AI Basics for Business Owners — Lesson 6

Fine-Tuning, Model Choice, and AI Adoption

13 min read

Learning Objectives

  • 1Know when fine-tuning is worth the investment versus using prompts or RAG.
  • 2Create an AI adoption framework for business decisions.
  • 3Evaluate AI vendors and implementation partners.

When to fine-tune

Fine-tuning adjusts a pre-trained model using your own examples to improve performance on a specific task. It can make a model better at your company writing style, your industry terminology, your classification categories, or your specific output format.

Fine-tuning is appropriate when prompt engineering and RAG are not sufficient — when you have many examples of the desired input-output behavior, the task is repeated frequently enough to justify the investment, and the improvement in quality or consistency materially affects the business outcome.

For most business use cases, start with prompts, then try RAG, and consider fine-tuning only if neither achieves acceptable quality. Fine-tuning requires technical expertise, quality training data, ongoing maintenance as the model and business needs evolve, and significantly more cost than prompting.

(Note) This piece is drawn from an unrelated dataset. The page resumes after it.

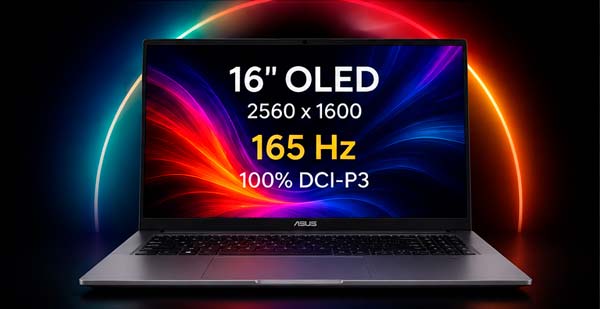 Pantalla OLED de 16 pulgadas y 165 Hz del ASUS Vivobook Pro 16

Choosing models and vendors

Model choice involves tradeoffs between capability, cost, speed, privacy, and vendor dependency. The most capable models are more expensive and often require sending data to third-party servers. Less capable models may be sufficient for the task and can sometimes run locally, keeping data private.

Key evaluation criteria: Does the model perform well on our specific task? What data do we need to share with the vendor? What are the privacy and security guarantees? What is the cost at our expected volume? How does the vendor handle data retention and training on customer inputs? What happens if the model is deprecated or pricing changes?

Avoid locking into a single AI vendor when possible. Use abstraction layers that allow model switching. The AI landscape is changing rapidly — the best model today may not be the best model in six months. Flexibility to switch models is valuable.

AI adoption as a business process

AI adoption is not a technology project — it is a change management process. The most common failure mode is not technical problems but organizational ones: unclear goals, lack of training, resistance to workflow changes, or deploying AI without adjusting processes around it.

A practical adoption framework: Start with a specific, measurable problem. Run a small pilot with willing team members. Measure the impact against the baseline. Address concerns and adjust the approach based on pilot learning. Expand gradually with training and documentation.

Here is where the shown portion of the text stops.